Submitted by Taps Coogan on the 30th of May 2018 to The Sounding Line.
The former Chairman of the Federal Reserve, Dr. Alan Greenspan, recently spoke with Fox Business News to discussed his outlook on the economy, entitlement spending, stagflation, and much more.
Dr. Greenspan notes:
“Let me just say that the two major initiatives of this administration… the corporate tax cut… and deregulation have been very positive forces and indeed you’re already beginning to see the impact of both of those initiatives in the marketplace, but when you look further down the road the demographics are against us. The most productive people in the economy are retiring and the basic structure of productivity growth is being suppressed by the huge increase in entitlements, which largely is not an economic phenomenon, it reflects the aging of the population… The main issue is social security and social security is a significant problem because it is not being funded. The actuaries of the Social Security Administration… say, in sort of a hidden part of the last annual estimate, that in order to get an actuarially sound social security system you would have to cut benefits now and indefinitely into the future by 25%. What that is telling you is that the fiscal system is out-of-whack and while I approve wholeheartedly with the corporate tax cut and the deregulation, the corporate tax cut unquestionably causes the deficit to rise and we are not funding it by other means. So long as the funding is not there, productivity cannot grow and accelerate because what you need is gross domestic savings…”
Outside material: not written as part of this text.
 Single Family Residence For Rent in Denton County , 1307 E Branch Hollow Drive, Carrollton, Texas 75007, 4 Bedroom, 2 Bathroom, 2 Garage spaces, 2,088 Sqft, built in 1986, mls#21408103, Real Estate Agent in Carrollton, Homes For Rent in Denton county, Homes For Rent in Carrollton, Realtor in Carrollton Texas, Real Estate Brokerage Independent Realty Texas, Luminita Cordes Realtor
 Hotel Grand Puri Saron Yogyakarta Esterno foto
“We are now under 1% (productivity growth) and productivity growth is the key factor in engendering gross domestic investment. So you can’t have the sort of growth we have had in the past if productivity is flat on its face… the big bulge in entitlements over the years is crowding out gross domestic savings. Gross domestic savings plus saving borrowed from abroad is what our capital investment is all about and we have already engendered $8 trillion in net debt to foreigners. These are trends which cannot continue.”